- Rate of complex rules per second -- number of rules that can be processed per second
- Rate of instructions per second -- since each complex rule may consist of more primitive instructions, knowing the rate of instruction execution per second may be useful.
- Publishing rate per second - peak rate at which events can be published to the engine
- Consumption rate per second -- peak rate at which events can be consumed by event listeners a.k.a sinks.
- Event processing latency (ms)-- time it takes for event to be processes after it is published
- Event delivery latency (ms) -- time it takes to deliver event after it is processed by the event processor or cain of event processors.
- Outstanding event queue size -- number of events that waiting to be processed. An important measure that tell the user how many events are in the queue to be processed.
The sum of the processing and delivery latency produces the total latency to be expected by the end user. This latency can then be compared to the required quality of service or SLA for given process to determine if the processes can yield useful results as specified by the SLA.

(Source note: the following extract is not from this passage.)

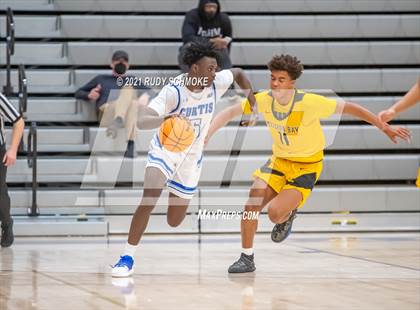 Thumbnail 3 in Curtis @ Mission Bay(Torrey Pines Holiday Classic) photogallery.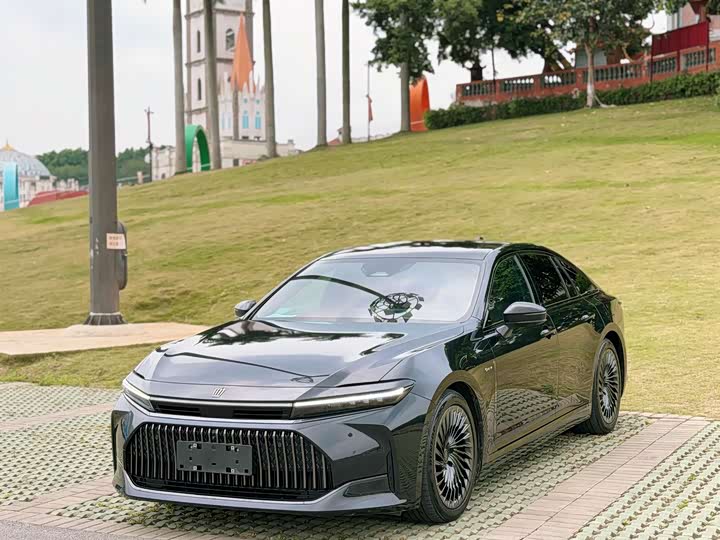 2024 Crown (Imported) 2024 2.5L Extreme Edition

What interests me is not only the metrics, but also the behavior in the situations when rate of production exceeds the rate of consumption for a significant period of time. In this case, the influx of incoming events would have to buffered somewhere to be processed by the engine. This of course can not go on without a significant performance degradation as well as the increase the overall processing latency.
There are several strategies that can be used separately or in combination:
- Buffering -- simplest technique where events are buffered for both consumers and producers to accommodate for peaks. Eventually the buffers get exhausted and production and consumption rates must equalize by either reducing rate of production or increasing the rate of consumption
- Increasing number of consumers -- this can drive the consumption rate up. However this technique suffers from the plateau effect -- meaning after a certain number the rate of consumption stalls and starts to decrease.
- Dynamic throttle -- this where rate of production and consumption are throttled. The easiest place to throttle is at the event production phase, where events are actually dropped or event production is decreased via deliberate and controlled action. In this situation the latency is passed on to event producers.